Hintergründe
Neben dem „Wo geht’s denn hin?“ ist eine der Fragen, die mir derzeit wohl am häufigsten gestellt wird „Wie machst du das mit deinem Beruf?“ Die wenigsten können nachvollziehen warum man den sicheren Hafen des Beamtentums verlässt „nur um mal länger Urlaub zu machen“. Im folgenden möchte ich einen kurzen Einblick geben, was mich dazu bewogen hat und was diese Reise für mich bedeutet.
Als die Planung meiner Südamerika-Tour konkreter wurden, war es natürlich eine der ersten Punkte zu klären, wie es mit dem Job vereinbar ist. Da die grundsätzliche Haltung meines Dienstherrn zum Thema Sonderurlaub bzw. Freistellung bekannt ist, habe ich mir jedoch nicht allzu viel Hoffnungen gemacht. Zwischenzeitlich standen zwar verschiedene Varianten im Raum, aber im Endergebnis wurde mein Antrag abgelehnt. Somit war klar, diese Reise ist nur realisierbar wenn ich mich aus dem Beamtenverhältnis entlassen lasse. Ein schwieriger Abwägungsprozess begann…

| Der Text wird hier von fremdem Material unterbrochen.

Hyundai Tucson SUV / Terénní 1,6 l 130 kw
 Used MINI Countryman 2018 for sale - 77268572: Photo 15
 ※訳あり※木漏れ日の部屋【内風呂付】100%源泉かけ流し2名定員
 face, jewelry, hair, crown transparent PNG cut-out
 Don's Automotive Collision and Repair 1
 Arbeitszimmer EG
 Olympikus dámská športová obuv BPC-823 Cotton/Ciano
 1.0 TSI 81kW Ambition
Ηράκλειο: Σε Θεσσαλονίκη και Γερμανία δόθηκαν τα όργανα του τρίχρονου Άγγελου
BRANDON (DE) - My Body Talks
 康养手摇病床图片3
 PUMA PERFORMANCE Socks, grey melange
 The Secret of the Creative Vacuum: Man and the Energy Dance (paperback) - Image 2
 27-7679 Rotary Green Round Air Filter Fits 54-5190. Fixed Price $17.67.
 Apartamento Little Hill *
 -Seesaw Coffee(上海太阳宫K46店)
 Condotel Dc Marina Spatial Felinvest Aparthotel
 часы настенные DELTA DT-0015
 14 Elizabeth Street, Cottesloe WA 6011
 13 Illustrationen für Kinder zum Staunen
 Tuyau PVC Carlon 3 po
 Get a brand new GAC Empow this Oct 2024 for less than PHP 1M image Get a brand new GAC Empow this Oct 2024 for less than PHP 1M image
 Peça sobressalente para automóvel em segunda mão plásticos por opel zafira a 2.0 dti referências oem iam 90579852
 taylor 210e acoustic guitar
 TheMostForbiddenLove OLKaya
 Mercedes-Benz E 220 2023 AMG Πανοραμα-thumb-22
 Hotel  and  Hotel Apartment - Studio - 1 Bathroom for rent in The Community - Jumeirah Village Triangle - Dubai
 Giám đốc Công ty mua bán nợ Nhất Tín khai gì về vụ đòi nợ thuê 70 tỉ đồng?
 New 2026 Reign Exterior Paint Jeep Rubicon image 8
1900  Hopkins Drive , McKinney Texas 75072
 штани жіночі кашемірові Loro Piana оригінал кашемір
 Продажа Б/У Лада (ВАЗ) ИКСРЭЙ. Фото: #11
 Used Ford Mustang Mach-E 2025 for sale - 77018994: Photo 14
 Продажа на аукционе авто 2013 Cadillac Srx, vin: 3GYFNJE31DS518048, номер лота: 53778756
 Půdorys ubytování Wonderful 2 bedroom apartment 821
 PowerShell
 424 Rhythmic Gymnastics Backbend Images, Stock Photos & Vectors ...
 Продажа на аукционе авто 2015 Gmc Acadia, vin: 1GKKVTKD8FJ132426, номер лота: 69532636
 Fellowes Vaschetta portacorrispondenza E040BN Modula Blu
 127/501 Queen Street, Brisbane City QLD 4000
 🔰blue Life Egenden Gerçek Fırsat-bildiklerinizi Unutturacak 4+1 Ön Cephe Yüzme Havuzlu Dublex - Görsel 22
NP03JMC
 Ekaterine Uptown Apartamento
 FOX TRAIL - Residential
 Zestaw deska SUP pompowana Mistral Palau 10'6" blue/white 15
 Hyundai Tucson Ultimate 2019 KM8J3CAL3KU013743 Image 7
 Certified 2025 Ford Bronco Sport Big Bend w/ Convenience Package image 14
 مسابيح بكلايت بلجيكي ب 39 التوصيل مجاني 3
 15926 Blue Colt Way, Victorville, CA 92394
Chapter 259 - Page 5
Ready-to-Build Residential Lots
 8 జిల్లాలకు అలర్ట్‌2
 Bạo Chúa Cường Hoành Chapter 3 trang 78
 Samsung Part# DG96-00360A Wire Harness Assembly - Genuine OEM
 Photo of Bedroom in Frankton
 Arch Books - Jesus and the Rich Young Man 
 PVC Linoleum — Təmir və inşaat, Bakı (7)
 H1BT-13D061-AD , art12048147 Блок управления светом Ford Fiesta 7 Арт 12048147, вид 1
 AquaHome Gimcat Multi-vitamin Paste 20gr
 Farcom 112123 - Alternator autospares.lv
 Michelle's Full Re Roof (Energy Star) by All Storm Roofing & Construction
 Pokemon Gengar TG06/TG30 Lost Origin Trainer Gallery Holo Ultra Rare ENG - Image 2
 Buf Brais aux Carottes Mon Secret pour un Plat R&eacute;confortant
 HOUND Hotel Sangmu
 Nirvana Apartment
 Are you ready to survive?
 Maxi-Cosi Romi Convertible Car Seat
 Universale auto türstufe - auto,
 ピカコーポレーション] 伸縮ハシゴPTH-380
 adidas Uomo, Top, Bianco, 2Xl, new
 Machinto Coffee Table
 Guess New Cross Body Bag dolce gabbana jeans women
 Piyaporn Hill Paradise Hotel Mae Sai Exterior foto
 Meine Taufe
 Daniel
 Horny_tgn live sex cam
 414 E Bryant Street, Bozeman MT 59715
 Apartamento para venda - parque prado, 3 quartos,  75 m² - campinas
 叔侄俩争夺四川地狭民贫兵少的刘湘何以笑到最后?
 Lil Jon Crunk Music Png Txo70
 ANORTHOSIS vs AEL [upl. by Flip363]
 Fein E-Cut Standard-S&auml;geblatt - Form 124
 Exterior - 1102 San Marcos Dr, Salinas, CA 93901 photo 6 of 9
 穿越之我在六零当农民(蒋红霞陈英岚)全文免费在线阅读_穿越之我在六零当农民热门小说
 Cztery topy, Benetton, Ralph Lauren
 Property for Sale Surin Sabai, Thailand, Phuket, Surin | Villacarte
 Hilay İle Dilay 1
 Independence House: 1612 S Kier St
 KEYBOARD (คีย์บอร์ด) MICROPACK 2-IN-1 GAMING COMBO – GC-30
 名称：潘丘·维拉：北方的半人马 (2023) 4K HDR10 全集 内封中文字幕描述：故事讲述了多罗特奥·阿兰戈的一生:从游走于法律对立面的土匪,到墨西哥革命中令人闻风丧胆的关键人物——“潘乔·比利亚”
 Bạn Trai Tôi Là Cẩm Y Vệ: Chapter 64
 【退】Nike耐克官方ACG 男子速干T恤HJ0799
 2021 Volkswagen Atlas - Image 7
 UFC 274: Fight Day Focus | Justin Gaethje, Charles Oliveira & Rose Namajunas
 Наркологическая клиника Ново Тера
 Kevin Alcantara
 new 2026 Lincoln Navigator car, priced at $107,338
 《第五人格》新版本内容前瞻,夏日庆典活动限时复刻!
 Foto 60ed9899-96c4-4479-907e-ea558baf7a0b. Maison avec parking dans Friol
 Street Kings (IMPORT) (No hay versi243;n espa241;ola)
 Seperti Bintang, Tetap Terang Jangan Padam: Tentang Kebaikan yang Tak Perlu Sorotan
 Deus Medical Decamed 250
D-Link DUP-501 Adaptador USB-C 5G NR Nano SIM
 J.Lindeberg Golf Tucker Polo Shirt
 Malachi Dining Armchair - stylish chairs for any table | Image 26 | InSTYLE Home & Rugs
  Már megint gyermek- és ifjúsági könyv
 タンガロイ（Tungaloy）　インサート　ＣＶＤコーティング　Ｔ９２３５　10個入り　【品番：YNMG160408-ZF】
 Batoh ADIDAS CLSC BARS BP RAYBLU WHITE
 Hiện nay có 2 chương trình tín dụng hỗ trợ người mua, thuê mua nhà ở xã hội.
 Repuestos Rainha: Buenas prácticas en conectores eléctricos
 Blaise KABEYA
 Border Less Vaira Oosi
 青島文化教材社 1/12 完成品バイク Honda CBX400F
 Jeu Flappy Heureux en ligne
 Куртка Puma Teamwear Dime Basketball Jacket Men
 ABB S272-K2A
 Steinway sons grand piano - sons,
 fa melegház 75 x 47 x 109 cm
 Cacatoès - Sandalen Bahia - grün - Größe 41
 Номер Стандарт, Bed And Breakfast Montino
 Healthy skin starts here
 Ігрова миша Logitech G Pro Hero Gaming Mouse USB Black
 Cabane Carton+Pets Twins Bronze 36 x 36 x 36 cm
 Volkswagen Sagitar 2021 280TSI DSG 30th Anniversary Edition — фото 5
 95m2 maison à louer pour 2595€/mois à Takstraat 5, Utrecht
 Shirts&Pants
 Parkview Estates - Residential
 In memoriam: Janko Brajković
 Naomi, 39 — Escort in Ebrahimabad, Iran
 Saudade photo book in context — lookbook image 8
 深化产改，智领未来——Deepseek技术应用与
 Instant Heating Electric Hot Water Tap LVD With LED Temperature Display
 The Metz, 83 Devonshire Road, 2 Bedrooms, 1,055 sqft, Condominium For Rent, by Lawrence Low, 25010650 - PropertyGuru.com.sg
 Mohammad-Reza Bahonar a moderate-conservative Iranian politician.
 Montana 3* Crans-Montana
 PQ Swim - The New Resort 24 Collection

Alle bisherigen Entscheidungen waren mir bisher ziemlich leicht gefallen. Die Grundentscheidung so lange weg zu sein hatte ich recht schnell gefällt. Da ich bereits letztes Jahr wusste, dass der Startzeitpunkt im Herbst 2010 liegen sollte, habe ich im Winter 2009/2010 bewusst beobachtet was in einem halben Jahr eigentlich passiert. Die erschreckende Erkenntnis: Nicht viel! Obwohl ich quasi ständig unterwegs war und wirklich viele tolle Tage hatte, ist das Leben hier im Alltag doch oft das gleiche und ein Stück weit vorhersehbar. Es gibt Tage die stechen heraus, aber die Momente die sich wirklich im Gedächtnis einbrennen, gibt es eher selten. Und so war mir klar, auch wenn ich eine Zeitlang nicht da bin, wird sich hier in meiner näheren Umgebung nicht so viel verändern, dass ich nicht wieder integriert werden könnte. Familie, Freunde, Vereine werden noch die gleichen sein und dann ist man halt wieder da.
Die nächste Entscheidung, die der Wohnsituation war auch schnell getroffen. Behalten kann ich meine Wohnung über den Zeitraum der Reise nicht und untervermieten wollte ich nicht. Ich habe in meiner derzeitigen Wohnung zwar sehr gerne gewohnt und es wird sicher schwierig etwas vergleichbares zu finden. Allerdings stehen die Größe und damit die Kosten in keinem Verhältnis zu den wenigen Stunden, die ich mich täglich darin aufhalte, so dass ich schon länger mit dem Gedanken eines Umzugs gespielt habe. Also war eine Kündigung die logische Konsequenz. Der Hausrat wird nun erstmal eingelagert und nächstes Jahr geht es dann auf Wohnungssuche.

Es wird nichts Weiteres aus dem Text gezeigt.